Toplum içinde narsisistik kişilik bozukluğunun görülme sıklığının yüzde 1 civarında olduğunu anlatan Psikolog Merve İlikçi İygün, “Bu tanı konulan kişilerin %70 ten fazlası erkektir. Erken erişkinlikte başlayıp, değişik bağlamlarla ortaya çıkan büyüklenme, beğenilme gereksinimi ile gider. Narsisizm iki yönlüdür. Bir yönü aşırı sinirli, yüksek sesli, empati kuramayan; diğer yönü ise yumuşak taraftır. Bu yönde (gizli narsisizm) içe dönüklük, aşırı duyarlılık, savunuculuk ve endişe vardır. Ortak özelliklerinde ise kıskançlık, kendi ihtiyaçlarını göz önünde tutar ve başkalarını önemsemezler” diye konuştu.
Psikolog Merve İlikçi İygün, Narsisistik kişilik bozukluğunun belirtilerini ise şöyle aktardı; “Büyüklenmek, sınırsız başarı ve güçle uğraşmak, kendi çıkarı için başkasını kullanmak, empati yapmamak, çok beğenilme isteği, başkasına saygısız davranma, kıskançlık olarak devam ettirilebilir. Güzel giyinirler ve dikkat çekerler, insanları aşağılamayı severler, duygularını dışa vurmazlar, kontrolü daima kendilerinde isterler, ilişkilerini çıkarları için kurarlar.Gerçek narsistler kendilerinde bir sorun olduğunu kabul etmezler, kişisel kusurlarını kabul etmeye ikna etmek olanaksızdır. Narsist kişiliğin altında, paradoksal olarak derin bir kendine güvensizlik yatar. Narsistin belirtileri hayat ile bağdaşmaz. Ne kadar yükseğe çıksalar da daha yüksektekini kıskanırlar, içlerinde doyurulamayan bir boşluk vardır.
Narsistikler, ‘’ben narsisistim’’ diyerek tedaviye gelmezler. Genellikle depresyon yüzünden başvururlar. Hayat boyu sevilme ve beğenilme beklentileri olduğu için sık sık hayal kırıklığı yaşarlar. Narsisizm tedavisi oldukça zordur çünkü bu bozukluk kronikleşme eğilimi gösterir. Tedavideki amaç benlik saygısının korunması olmalıdır. Tedavi sırasında gerçek benliğe erişilmeden yapay benlik üzerinde çalışmak sonuç vermeyecektir. Gerçek ve yapay benlik birlikte çalışılmalıdır”

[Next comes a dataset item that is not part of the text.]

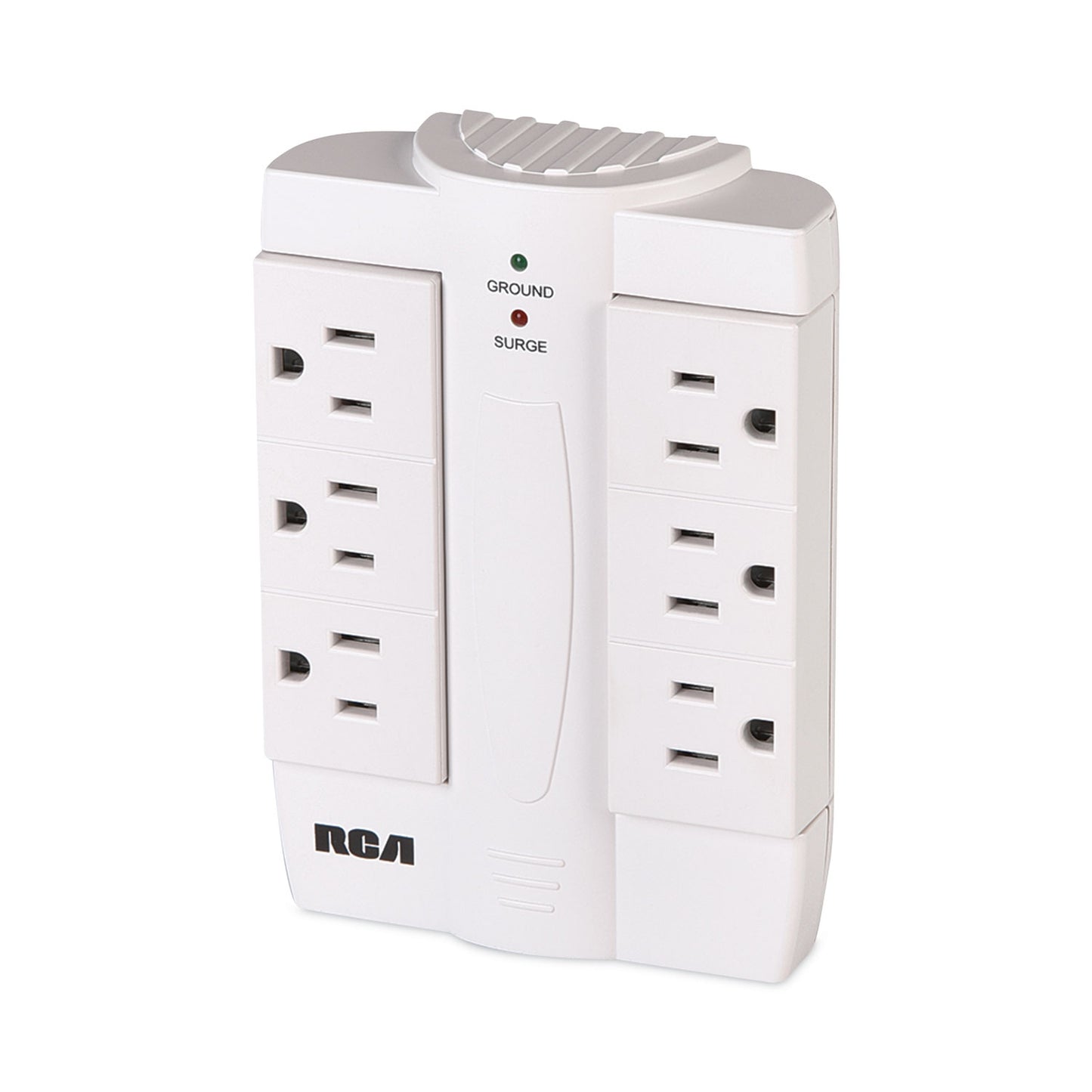 RCA 6 Outlet Swivel Surge Protector, 6 AC Outlets, 1,200 J, White (PSWTS6FV)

Psikolog Merve İlikçi İygün, “Narsist insanlara karşı ne yapmalıyız?” sorusuna ise şöyle cevap verdi; “Tartışmaya girip haklı çıkarsanız yüksek ihtimalle size öfkelenir, kinlenir bu yüzden tartışmaya girmeyin. Sessiz kalmak daha iyidir.
İtibar ve dışarıya karşı iyi görünmek çok önemli olduğu için söylemek istediğinizi doğru yoldan değilde ‘’böyle yaparsan insanların düşüncesi ne olur?’’ gibi dolaylı yollarla kendisinin doğru cevabı bulmasını sağlayın.

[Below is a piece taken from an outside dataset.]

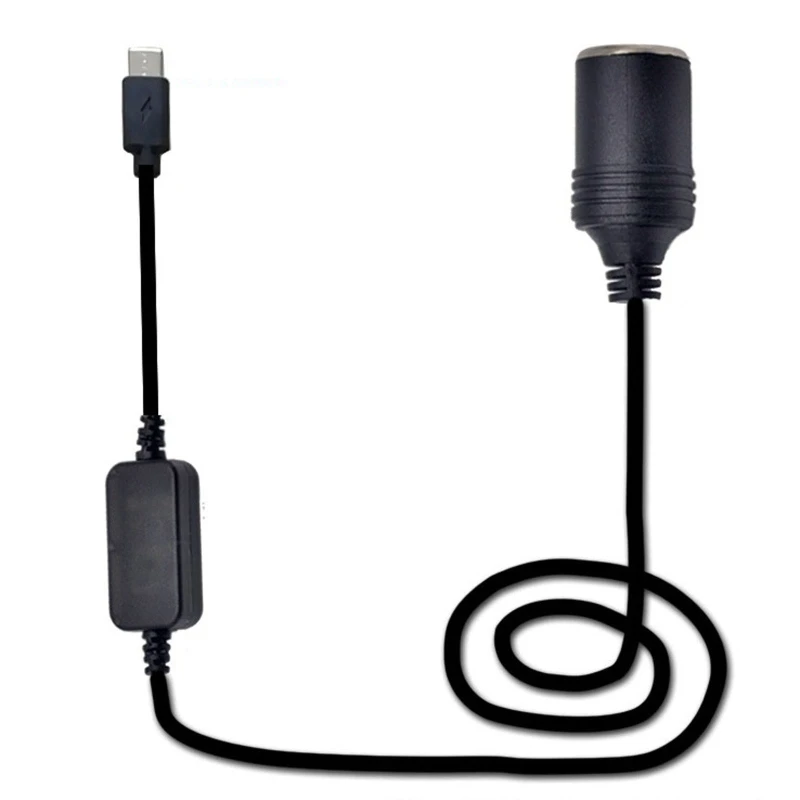 USB C PD typ C męski na 12V gniazdo zapalniczki samochodowej kobieta Step Up kabel do rejestrator jazdy GPS e-dog wentylator samochodowy — zdjęcie produktu 7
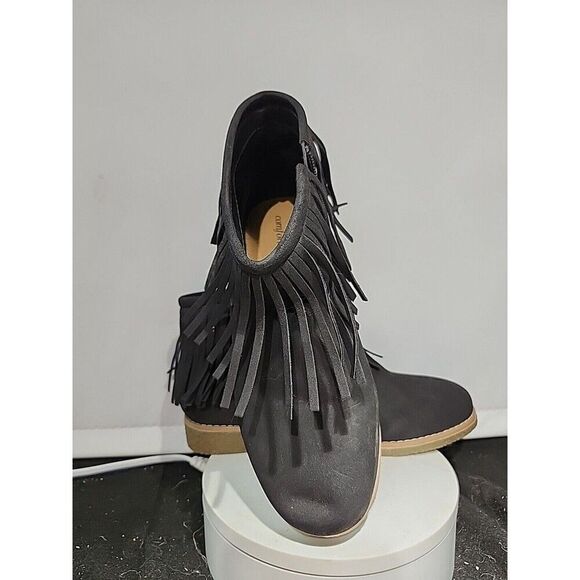 Comfortview Black Fringe Ankle Boots - Picture 1 of 6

Öfke kontrolünüz çok önemlidir. Öfkeli davranmadan ona ne kadar değer verdiğinizi söyleyerek bu davranışların sizi üzdüğünü söyleyin.
İçe kapanmayın. Tartışma sırasında sizin neden sustuğunuzu anlamayarak daha çok savunmaya ve eleştiriye geçebilir.
Verdiği sözlere itimat etmeyin, davranışlarını ödüllendirin.
Aynı amacı paylaşıyorsanız, ortak paydalar oluşuturun.
Onu değiştirmeye çalışmayın, değişmek istese de değişmesi zordur. Yaşanacak hayal kırıklığına karşı durumu kabul edin ve duygularınızı açıkça dürüst şekilde ifade edin.”